“Each person bears a fear which is special to him. One man fears a close space and another man fears drowning; each laughs at the other and calls him stupid. Thus fear is only a preference, to be counted the same as the preference for one woman or another, or mutton for pig, or cabbage for onion.” Michael Crichton, the best selling science fiction author wrote in his gripping novel “Eaters of the Dead”.
Heart thumping frantically, blood rushing like a poisoned torrent in the veins, hands and feet going numb and the mind paralyzed, fear causes forceful reactions in the best of us. In fact, it is so powerful and efficient that it has been successfully used as a tool of control by religions, parents, schools, prisons and anyone who wants another to obey.
However, the best decisions, the true decisions and the noble decisions are best made in the absence of fear, and in the presence of truth, justice and love. But fear is always lurking around the corner, waiting to jump in and startle the best of us. How do we ensure that our actions and decisions are not made in its wake?
Shapes of fear by Maynard Dixon
One person who was threatened tremendously by fear but managed to triumph over it, was James Bond Stockdale, a much cooler real life hero than his fictional namesake the British Secret Service agent. He was a United States Navy Vice Admiral who served in the Vietnam War and was captured and held as a Prison of War in the Hoa Lo Prison for seven and a half years, four out of which were spent in solitary confinement. Stockdale was routinely tortured and beaten up. When his captors wanted to use him for propaganda, he slit his scalp and wrists and beat his face up to disfigure himself so that they could not do that. When he was released, his shoulders had been wrenched from their sockets, his leg shattered and back broken by torture, but he was unbroken and whole as a man. He faced the furnace in the prison not only without giving away any State secrets, but also led the resistance activities of his fellow prisoners. So how did he manage this superhuman feat?

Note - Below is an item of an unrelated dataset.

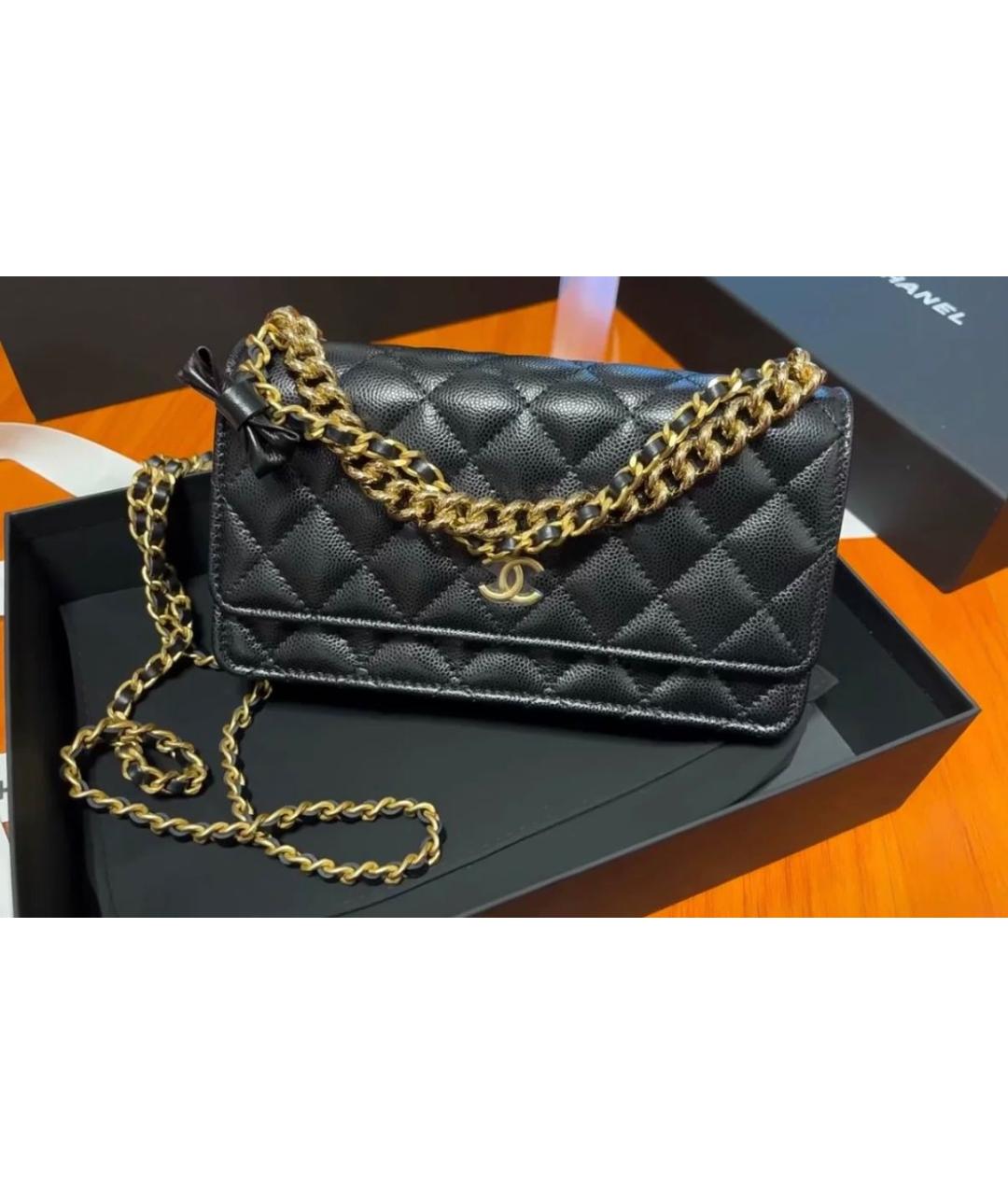 CHANEL Черная кожаная сумка через плечо, фото 2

James Bond Stockdale from wikipedia.org
He writes in a paper published in the “Center for the Study of Professional Military Ethics”, “I had learnt that fear and guilt are the real pincers that break men’s wills. I would chant under my breath as I was marched to interrogation, knowing that I must refuse to comply, and take the ropes: “Your eyes must show no fear; they must show no guilt…Their threats had no meaning unless you felt fear“
He further adds on how to conquer this debilitating and monstrous emotion, “..Fear is not something that danger forces on you. When you find yourself afraid, it’s time you realized that you decided, wanted, willed that you fear…Refuse to want to fear..”
“If you want to protect yourself from “fear and guilt” – and those are the crucial pincers, the real long term destroyers of will – you have to get rid of all your instincts to compromise, to meet people halfway. You have to learn to stand aloof, never give openings for deals, never level with your adversaries.”